With big, cartoonish eyes, a coy cheek-to-cheek grin and skin like milk chocolate, this frog is so adorable you could just eat him up. The scientists who discovered it in the swamps of New Guinea were apparently thinking the same thing; they’ve nicknamed it the “chocolate frog.”
This candy-colored amphibian, described for the first time in a study published May 20 in the Australian Journal of Zoology, is closely related to the iconic green tree frog (Litoria caerulea) that’s common throughout northern and eastern Australia. From there, New Guinea is just a short hop away; the two islands were even connected by a land bridge until about 10,000 years ago. Over their long history as neighbors, Australia and New Guinea have hosted many of the same types of animals.
In their new study, researchers based at Australia’s Queensland Museum wanted to paint a clearer family portrait of the green tree frog’s lineage on both islands. So, they traveled to New Guinea and collected frog specimens in the island’s southern, savannah-like ecosystems, as well as the swampy forests to the north. It was there — in a hot swamp full of crocodiles — that the team found the chocolate frog.
“We named the new frog Litoria mira because the word ‘mira’ means ‘surprised’ or ‘strange’ in Latin,” lead study author Paul Oliver, a biologist at Queensland Museum and Griffith University in Australia, said in a statement.

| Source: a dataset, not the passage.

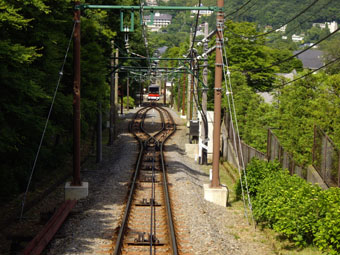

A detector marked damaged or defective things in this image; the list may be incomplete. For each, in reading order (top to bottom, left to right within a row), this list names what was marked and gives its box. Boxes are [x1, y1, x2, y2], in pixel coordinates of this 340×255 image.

rusty rail surface [114, 104, 178, 255]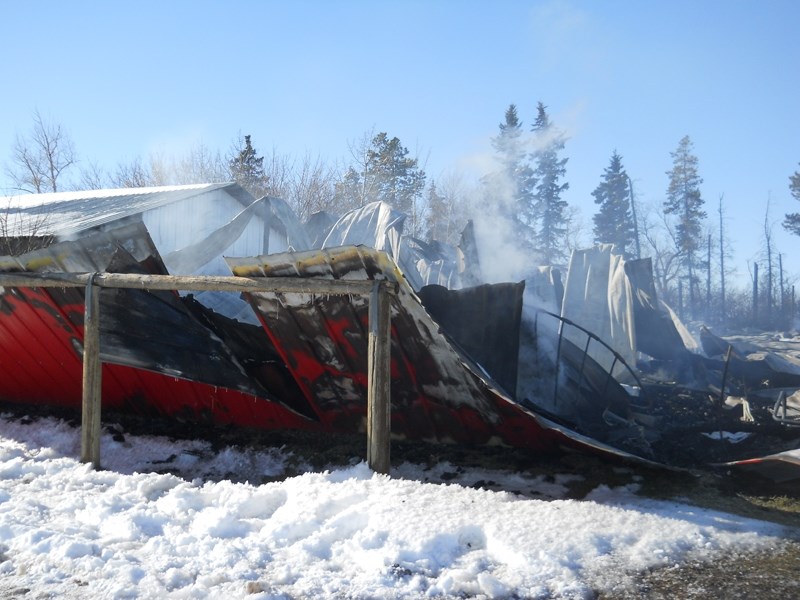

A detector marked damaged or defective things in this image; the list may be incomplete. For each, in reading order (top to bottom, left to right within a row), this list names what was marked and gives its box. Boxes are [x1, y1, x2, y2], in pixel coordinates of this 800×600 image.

burned barn ruin [0, 185, 796, 480]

Still, the two cousins have some clear differences. Besides L. mira’s cocoa-colored skin, the frog is also smaller (and dare we say cuter) than its common green cousin, with males measuring just under 3 inches (76 millimeters) from head to bum, and females measuring just over that — which in either case is about the width of a standard credit card.
While this barking brown frog is arguably the strangest discovery from the team’s research, they also catalogued 29 additional relatives of the green tree frog hopping through New Guinea, further demonstrating how life on the island and on the Australian mainland has been intimately tied for thousands of years. Crawk, crawk!